Secret/fc-devicemgmt-runtime supports these Apple MDM keys:
| Key | Purpose |
|---|---|
DEVICE_MANAGEMENT_OPERATOR_API_KEY |
Required operator API key for authenticated REST/MCP write operations, including Android command queueing. |
DEVICE_MANAGEMENT_ADMIN_API_KEY |
Required admin API key for privileged DeviceManagement operations. |
DEVICE_MANAGEMENT_AGENT_API_KEY |
Required scoped agent credential for REST agent callbacks when TLS terminates before Kestrel; maps to Auth:AgentApiKey and FlowerCore:Auth:AgentApiKey. |
NANOHUB_API_KEY |
NanoHUB API password for HTTP Basic user nanohub. |
APPLE_MDM_APNS_TOPIC |
MDM APNs topic returned after uploading the Apple MDM push certificate to NanoHUB/NanoMDM. |
APPLE_MDM_SCEP_URL |
Live SCEP URL included in the enrollment profile. |
APPLE_MDM_SCEP_CHALLENGE |
SCEP challenge shared with the SCEP provisioner. |
APPLE_MDM_PROFILE_SIGNING_CERTIFICATE_PEM |
PEM certificate used to CMS-sign .mobileconfig profiles. |
APPLE_MDM_PROFILE_SIGNING_PRIVATE_KEY_PEM |
PEM private key matching the profile-signing certificate. |
APPLE_MDM_REQUIRE_MANAGED_WIFI_PAYLOAD |
Set to true only when Wi-Fi payload delivery should gate enrollment readiness. |
APPLE_MDM_MANAGED_WIFI_SSID |
Managed Wi-Fi SSID for the iPad profile. |
APPLE_MDM_MANAGED_WIFI_PASSWORD |
Managed Wi-Fi password when the network is not open. |
Non-secret profile constants stay in GitOps: NanoHUB base URL, MDM server URL, check-in URL, organization/display names, the HTTPS trust anchor certificate, managed Wi-Fi encryption type, auto-join, and MAC-randomization disablement.

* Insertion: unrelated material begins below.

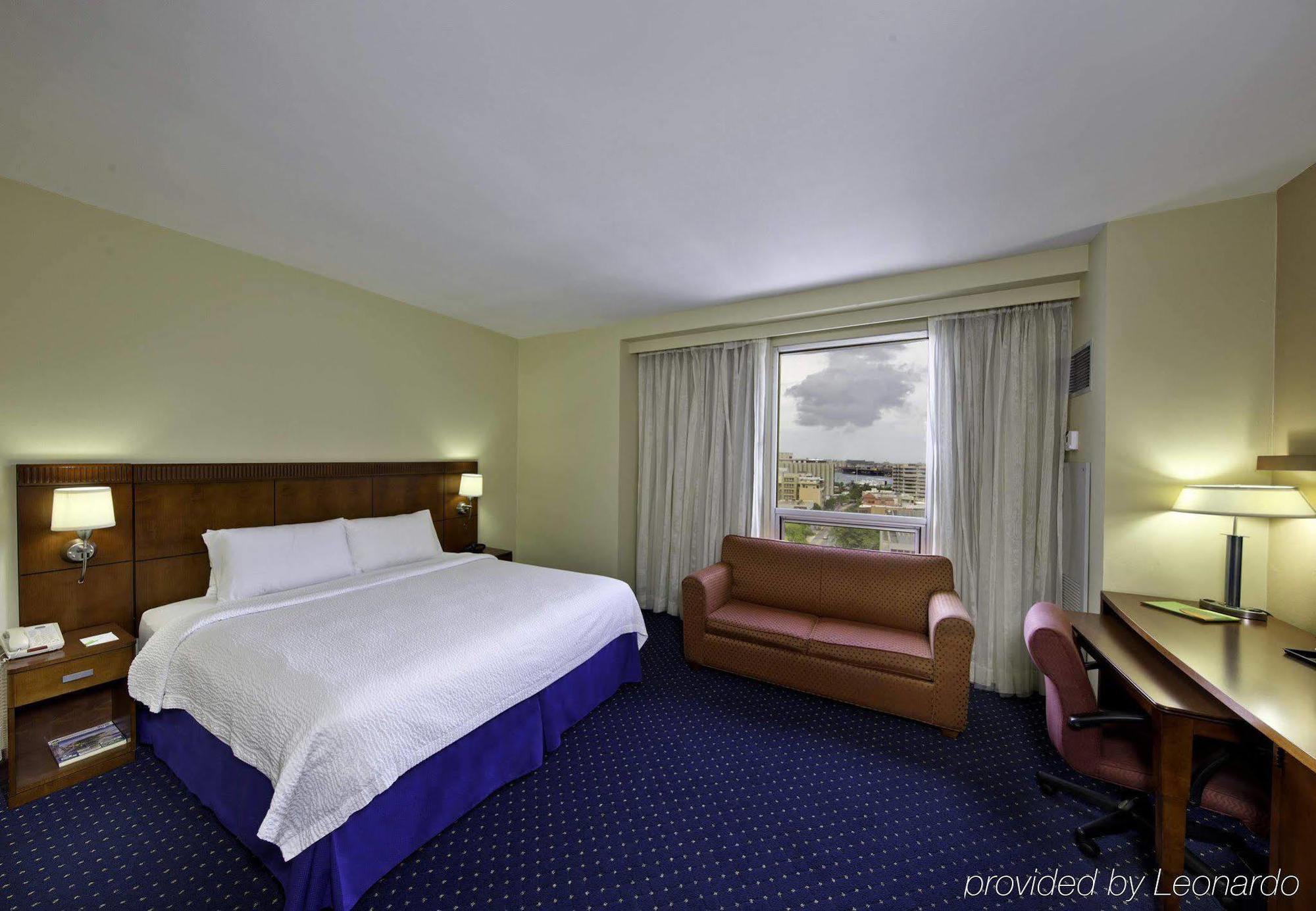 Hotel Courtyard By Marriott San Juan Miramar Exterior foto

DeviceManagement auth is enabled on GX10. The deployment maps
DEVICE_MANAGEMENT_OPERATOR_API_KEY to both Auth__ApiKey and
FlowerCore__Auth__ApiKey; the unprefixed key keeps the MCP API key post-config
path aligned with REST auth. Agent heartbeat, inventory, command poll, app-catalog,
and command-result callbacks use the agent-specific authorization boundary: the
server validates a direct device client certificate when Kestrel receives one,
validates Traefik-forwarded client certificates only on
devices-agent.iamworkin.lan, and also accepts only the scoped
DEVICE_MANAGEMENT_AGENT_API_KEY via Authorization: Bearer or
X-Agent-Api-Key as the fallback path. Operator write endpoints must use
X-Api-Key.
The agent-only Traefik route currently uses RequireAnyClientCert; the
application remains the authorization boundary by matching the forwarded client
certificate thumbprint to the enrolled device record. Once DeviceManagement
exports a persistent enrollment CA bundle, switch this TLSOption to
RequireAndVerifyClientCert with that CA secret.
Readiness Check
After changing the runtime secret and letting the pod roll, verify:
curl -sk https://devices.iamworkin.lan/api/v1/apple-mdm/enrollment-profile/status
Configurator enrollment must wait until this status reports available=true
and an empty missingRequirements array.